2. Eat all the plants you can manage.

Breakfast, lunch, dinner, and snacks—turn first to fruits and vegetables. Salads, cooked vegetables, raw vegetables, whole fruits, nuts, seeds … eat them with abandon. You really can’t go overboard, because when you satisfy your hunger with plants, you’re automatically reducing the amount of animal and junk foods and tipping the seesaw in the right direction.

3. Make legumes and whole grains part of your life.

This means every day. These foods are the workhorses of sane eating. Both are loaded with fiber, and beans especially provide a lot of protein. You don’t want to gorge on them as you do other plants, but any time you eat beans instead of meat or whole grains instead of white bread, rice, and pasta, you’re doing yourself a favor. (This book is loaded with good recipes for cooking beans and grains, so you’ll never tire of them.)

4. Avoid processed foods.

You know what they are—foods where most of the calories come from fat or sugar, or those with more than five ingredients, one or more of which you can’t pronounce. None of these is going to be as good for you as a piece of fruit or a handful of nuts or other real food. A candy bar or a Pop-Tart won’t kill you; it’s the continual eating of these kinds of things that will. Save your splurges! (And see Rule 5.)

Many so-called convenience foods are neither convenient nor satisfying. By the time you wait in line at the takeout counter, you could have cooked a bowl of pasta or thrown together a stir-fry. How much time do you waste going back and forth to the vending machine at work? A simple grab bag of nuts, apples, and maybe a few whole grain crackers can easily fuel your entire afternoon.

5. Everything else is a treat—and you can have treats daily.

Sane eating is about moderation, not deprivation, so feel free to eat the foods you’d miss, just in smaller portions and less frequently. Drink wine or beer with dinner or eat a decadent dessert now and then. As long as you’re making real changes in the way you eat most of the time, an indulgence every day is well deserved. I’m also confident that as your diet changes, so will the sorts of foods you crave.

Thinking Like Food Matters

Sane eating will naturally change the way you think about putting meals together, no matter where you are. You’ll begin to gravitate toward vegetables automatically, and then make room for a little meat on your plate.
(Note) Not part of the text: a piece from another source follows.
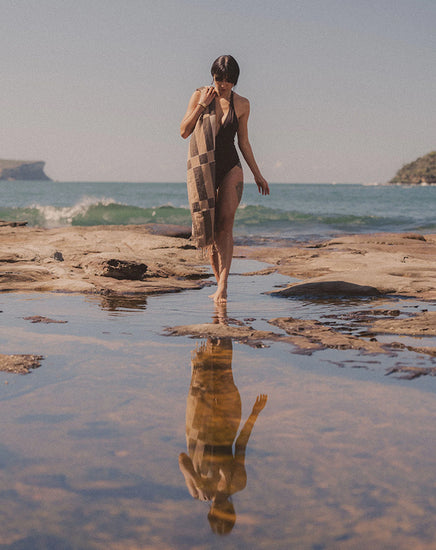 Woman walking on a rocky beach with a towel, reflected in the water.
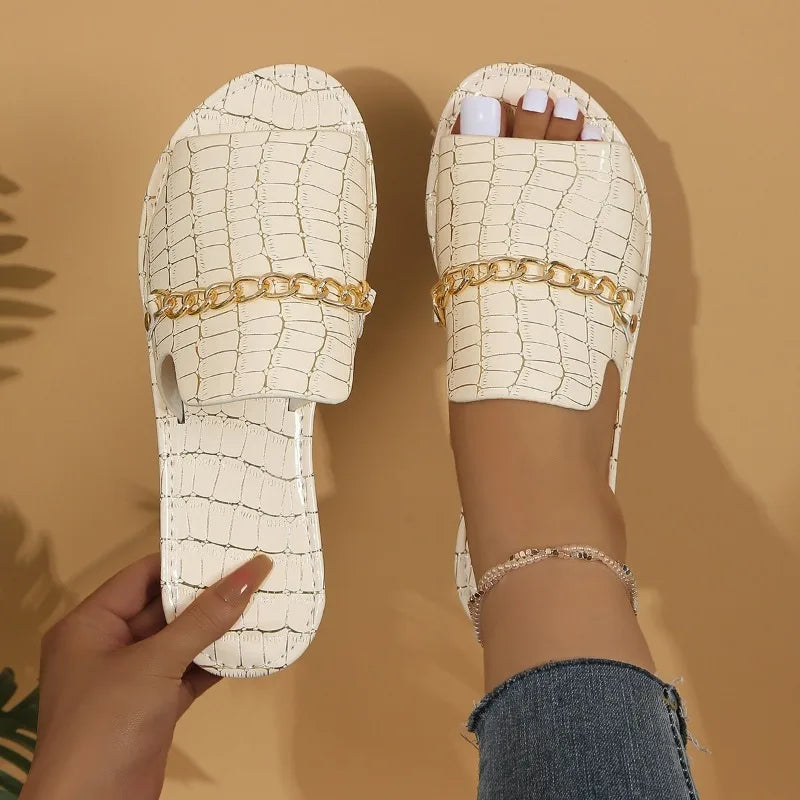 Women's croc-embossed sandals in neutral tone, sleek silhouette with quiet luxury texture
You might still be making pork chops, but since you’ll have just a pound of them in the fridge—you bought a smaller package than you used to—you’ll be even more interested in how to season the cabbage and sweet potatoes you’re cooking with them.

Since you’re changing the way you eat, you’ll probably change the way you cook—more imaginatively and creatively. You might find yourself cooking vegetables for breakfast. You’ll buy one chicken and use it for two meals instead of one, or serve eight people instead of four. You might add cooked grains to hamburgers, using half as much beef. This line of thinking will soon become second nature.

You’ll also pay more attention to labels. Ignore the claims on the package, which are usually misinformation for marketing purposes; just focus on what the product actually contains. If you follow Rule 4 on page 9 (“Avoid processed foods”) and keep loading up on fruits and vegetables, you won’t give a hoot about whether the carton in your hand is vitamin fortified.

Snacking, eating out, and eating while traveling can be a bit more challenging, but mostly because of how we’ve been trained to eat, not because finding real food is particularly difficult. I frequently share fish or meat entrées with my dining companions and order vegetable soup, salads, and side dishes. Whenever possible I pack a bag of food and bring it with me, or buy decent snacks or light meals from the produce section of supermarkets: apples, carrots, nuts, whole grain crackers, premade hummus … even decent chocolate once in a while.

But I’m not perfect, and you won’t be either. That’s part of what makes sane eating so appealing: its flexibility and forgiveness. We do what we can, knowing that adjusting our food choices as individuals will have a cumulative effect on all the plants, animals, and humans that share our planet. It’s the aggregate of all our small changes that will bring about bigger ones.